So, not only do we have the BRFA bill but now another bill in order to fix things for this year. Sheesh.

The larger question is what we’ll need to do next year to fill in all of these pots. With the federal portion of the state budget now eclipsing 60 percent, one would think that Barack Obama may bail out his cohort if he’s reelected this November. But with these funds come strings and that lack of flexibility will probably preclude O’Malley being able to make up the shortfalls with federal money next year.

Three years ago, Governor O’Malley called a Special Session to address this issue and its result was a number of tax increases which were supposed to correct the state’s structural deficit. However, the increase in the sales tax, cigarette tax, and a (since-repealed) “tech tax” on computer services were counterbalanced by a huge increase on spending which attempted to bring health insurance to thousands more Marylanders.

To the surprise of everyone – except those with a little bit of economic common sense – these new levies didn’t bring in as much money as the so-called experts predicted. In all that’s not so bad, but other previous taxes like property and real estate transfer taxes also declined. Making matters worse (but certainly not unexpected) is the outflow of capital due to the “millionaire’s tax” – again, from the Senate GOP Caucus:

According to an Associated Press article posted at Examiner.com, Montgomery County has experienced a 27% decline in tax returns from high income earners. This decline has contributed to a loss of $4.6 billion in taxable income: “County Executive Isiah Leggett says some wealthy residents who own homes in other states are establishing residency elsewhere. Officials believe the state’s millionaire tax is a factor.”

You think?

Unlike the perception progressives attempt to create about TEA Partiers as people who want to get government services without paying for them (a description more apt for Democrat voters,) most don’t mind paying a fair share in taxes. But what we want in return are efficient services which perform necessary functions, and too often we find that government at all levels fails to deliver on one or both sides of the equation.

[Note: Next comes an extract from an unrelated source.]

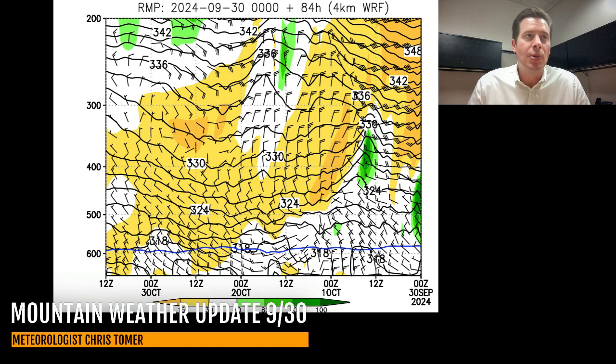That's going to take us through probably October 7th, 8th, and 9th. Thanks for tuning in to this Mountain Weather Update on this final day of September. Appreciate it — take care and have a great day.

If Martin O’Malley truly decided to live within his means, he would gain the intestinal fortitude to make cuts such as the insurance program he started. Obviously it’s a decision which affects a large number of people, but so would increasing taxes and fees. Raising the gas tax, for example, would disproportionately affect poor and middle-class Free Staters and rural residents like those on the Eastern Shore would pay more of a toll than city residents along the I-95 corridor.

One issue sure to come up in this year’s campaign will be fiscal accountability, and while Bob Ehrlich wasn’t the poster child for frugality the state was in much better financial shape when he left office than the potential mess he inherits should he be re-elected for a second, non-consecutive term.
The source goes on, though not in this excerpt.